July marks a significant transition for us at Community IT. First, I’m very pleased to announce that on July 11th Johan Hammerstrom will be promoted from his current role as President to a combined CEO & President role. Johan has been running core business operations for several years, and with all the members of the Community IT Board I look forward to his continued success and leadership at the head of Community IT.
Simultaneously, we’re merging Community IT’s Information Strategy Consulting practice with Build Consulting and I will join the new organization to continue providing this valuable service to the nonprofit sector. At Build I will continue my path of the last few years providing information systems consulting and utilizing my 20+ years of experience providing technology to nonprofits to address issues of impact and structure in new arenas.
So July also marks an enormous change for me – from Community IT, the company I spun off in 2001 – to joining and creating a new Build Consulting.
To make this move possible, Community IT had to be able to continue without me, and I had to have every confidence that it will thrive and grow.
None of this happened by accident. We have worked hard over the years to ensure that Community IT and its legacy of mission-focused nonprofit work survives long term.
When I started providing nonprofit IT support and database development back in 1993, I was introduced to Stephen Covey and the 7 Habits by Chris Chang, my mentor and the founder of our original parent company. One of the core principles of the 7 Habits is to “begin with the end in mind.” So when I led Community IT through the spinoff from our parent company in 2001 and became the owner of this social venture, I knew that I had to start planning then for my eventual exits, both as owner and as CEO.
Business Model or Nonprofit?
Yes, a social venture can be organized as a business instead of a nonprofit. And a business can be created with the mission of “doing good.” Back in the ‘90’s people would look at me quizzically when I talked about creating a business with a social mission. But with the rise of social entrepreneurship, the lines between nonprofit and business have become increasingly blurred.
When Community IT went through the spinoff in 2001, we seriously debated whether to become a nonprofit – but felt that our time and focus would be better spent earning the trust and investment of clients, as opposed to convincing third party funders that we were a good investment. While it may not be an option for many nonprofits to earn 100% of their revenue through services, for an entity providing technology guidance and support we felt then and still believe that organizing as a business and earning 100% of our revenue from clients is the strongest model.
All businesses risk becoming driven entirely by the quest for financial success for the owner. This can often result in an owner exit that involves selling to a larger business, which in turn is “rolling up” smaller businesses for an acquisition by an even larger company. These larger companies seek to make their service as efficient, replicable, and scalable as possible, which almost inevitably results in the commoditization of their service in an effort to maximize short-term share value. That formula usually involves spending as little as possible on front-line staff, putting them in a position to make as few real decisions as possible, and treating them accordingly. This inevitably results in a poor overall product for their clients, a poor and demoralizing environment for their employees, a loss of identity and brand, and further commoditization if the product survives. If you’ve been a client of one of these services companies, you probably have many stories to share.

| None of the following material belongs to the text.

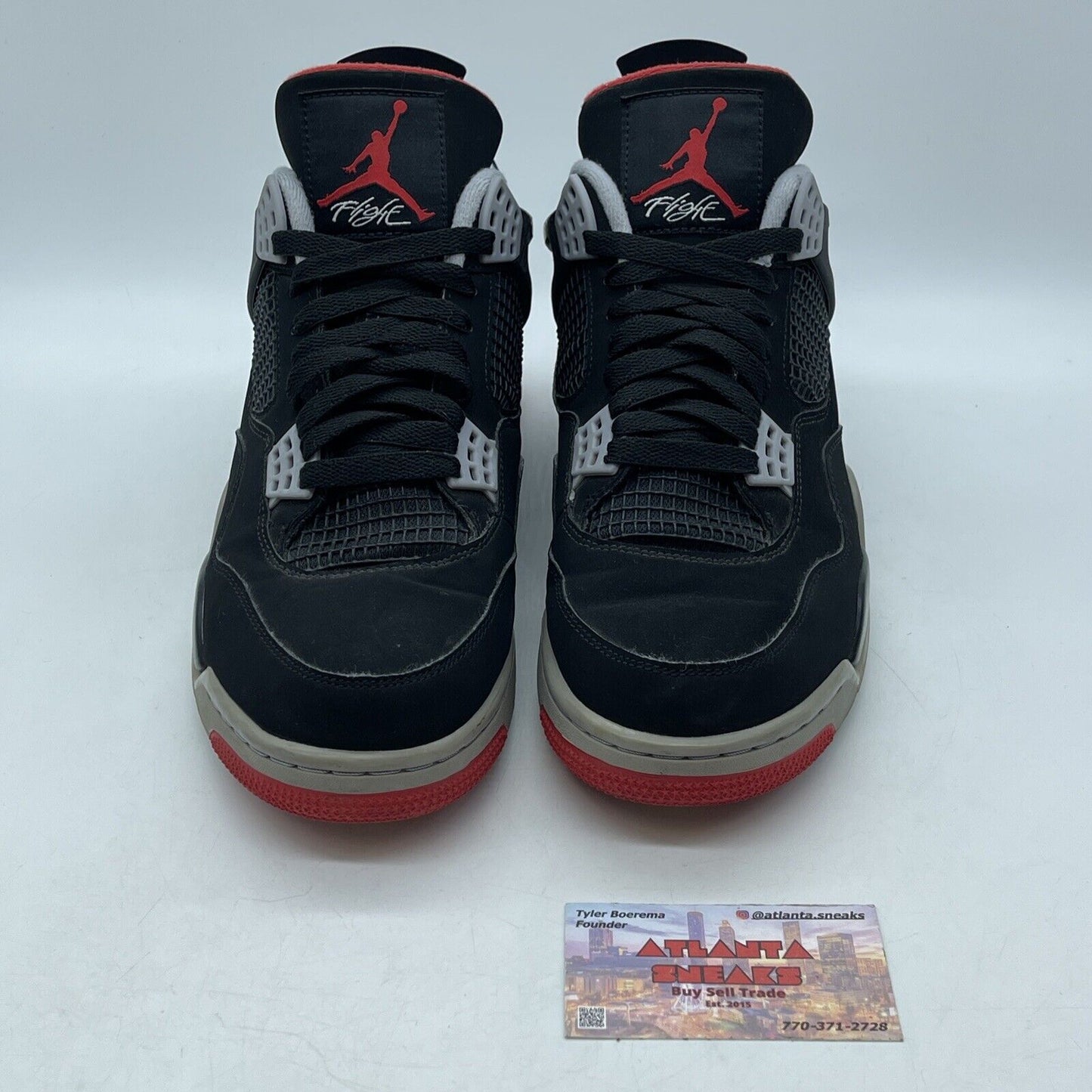 Size 10.5 - Jordan 4 Retro OG Mid Bred 2019 White Black Red Grey (308497-060)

So how does a business avoid this? By having an ownership model that balances financial return with being a fulfilling and sustainable place to work. To that end, I implemented an Employee Stock Ownership Plan (ESOP) in 2004. With this model, the employees become the owners and the company answers to owners who have a stake in the workplace culture and company mission. The company contributed stock to the ESOP for the first 8 years, and then the company bought out the remaining stock at the end of 2012. In turn that stock is allocated to the employees, and the ownership transition is effectively completed quite painlessly. This model prevents the type of disruptions and abrupt changes in direction that accompanies most ownership transitions.
While the employees may own the company, the leadership model has a huge impact on success. ESOPs can be run as a cooperative, or with traditional leadership roles, or even as an anarchy. At Community IT we have stressed participative decision making and servant leadership, which I will discuss in Community IT Changes Part 2.